Alpine Income Property Trust, Inc. (NYSE:PINE) is a small cap REIT that owns and operates a portfolio of single-tenant net leased retail properties. The company model is not dissimilar to the earlier version of Realty Income (O). O has a market cap of $39.8 billion, while PINE has a market cap of $261.9 million, placing it at the lower end of the small cap range in size. Alpine says its goal is to “seeks attractive risk-adjusted returns and generate dependable cash dividends by….operating a portfolio of single-tenant net leased commercial income properties.” As of June 2023 it has 143 net leased properties located in 34 states. Alpine is a young REIT and its IPO launched in November 2019, offering 7.5 million shares at an opening price of $19.00. Since then the stock has been range bound trading between $13.00 and $20.61; the current price is $17.40, see chart below. I view Alpine as a dividend income play, but getting in at the right point might give you some nice share price appreciation. The company is significantly improving the quality of its portfolio of properties, as described below, and it’s worth consideration.
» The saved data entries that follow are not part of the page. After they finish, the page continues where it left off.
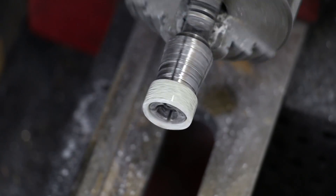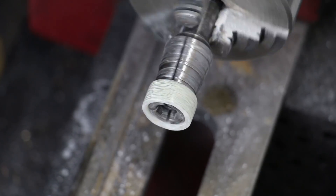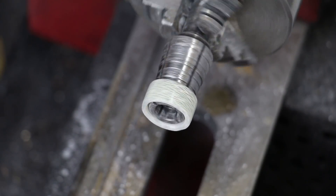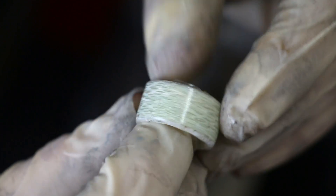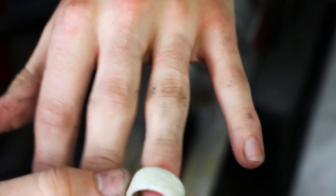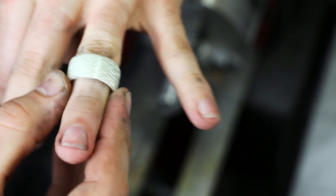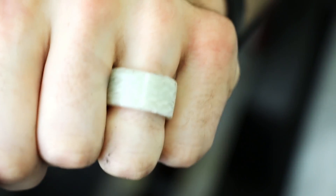Now I'm finishing up that final super glue coating on the outside of the ring, and I actually think it looks really good — it's kind of like a white, clear carbon fiber. It has a really unique look; you hardly ever see a white ring so I think it looks really interesting on the hand, it just kind of stands out. And of course no Kevlar ring video would be complete without trying to shoot it and seeing how it holds up.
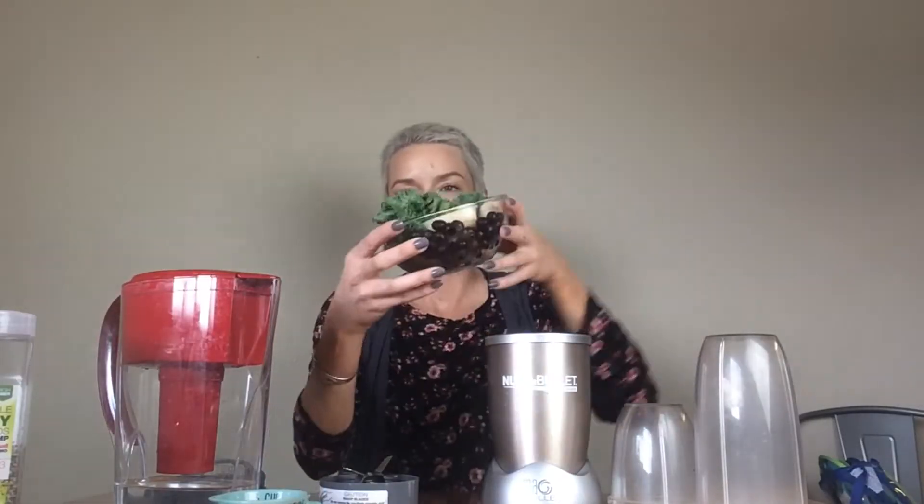Alright guys, so I am making a banana kale and blueberry smoothie. Here's the blade, and you have two different cups with this model.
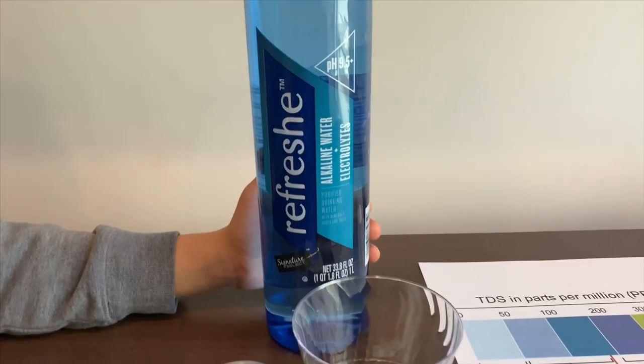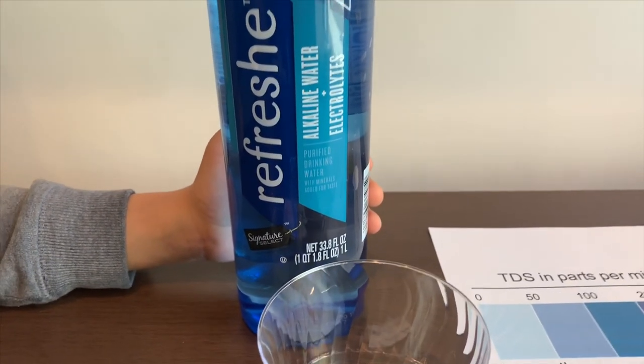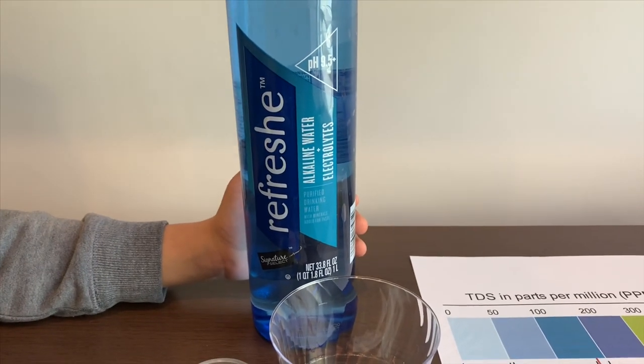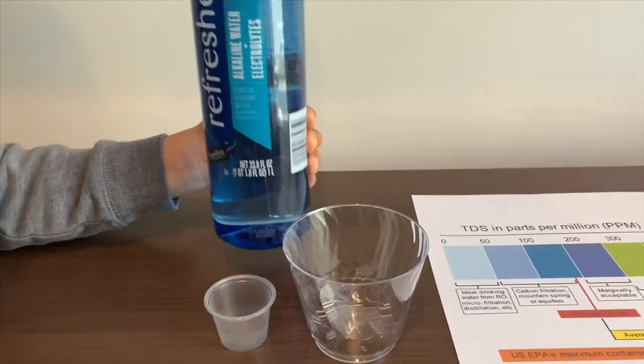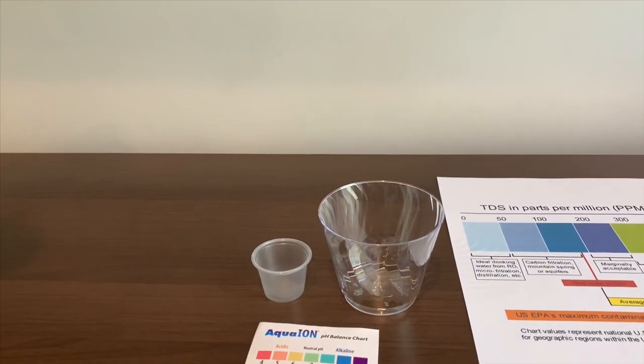This is a fresh purified alkaline water. It costs $1.49 and it's pH 9.5 or higher. Let's find out with our pH and TDS tester. Let's pour some water in.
The Current Property Portfolio
Alpine currently owns properties in 34 states, the majority of which are east of the Mississippi in New Jersey, New York and Ohio. There are also some in Texas. These are freestanding big box retail stores and stores in power centers that are on their own parcel. As of year-end 2022, the company had 3.6 million square feet of retail space. By mid-year 2023, per the Q2 Report, this number increased 8.3% to 3.9 million SF. This space is leased at an average annual rental rate of $11.06 per SF, per the 2022 Annual Report.
I have calculated the top 10 tenants in the company’s 3.9 million square foot portfolio based on square footage leased. Lowe’s (LOW), Walmart (WMT), Family Dollar and Dollar General (DG) are the standouts.
The company’s portfolio also consists of leases in much smaller percentages to Home Depot, Best Buy, Big Lots, Buffalo Wild Wings and Harbor Freight. There is a unique lease for the Alpine Valley Music Theatre, in East Troy, Wisconsin. This is an entertainment venue consisting of a two-sided, open-air, 7,500-seat pavilion, an outdoor amphitheater with a capacity for 37,000, and over 150 acres of green space. The tenant is Live Nation Entertainment and the lease generates $634,000 per year in rent. There is also a Long John Silver fast food restaurant that is ground leased. Other than these two properties, the leases are straightforward net for buildings, either fixed or with rental escalations.
Notes on Lease Structure and Expirations
According to the company’s annual report, 38% of the leases in its portfolio have annual increases in the long-term rent. Nearly all of the leases are triple net, in which the tenant pays for all costs associated with the property including taxes, insurance, and common area maintenance (CAM) if any. Structural reserve in this type of lease may be paid by either the landlord or the tenant. Occupancy across the portfolio was 99.5% as of mid year 2023.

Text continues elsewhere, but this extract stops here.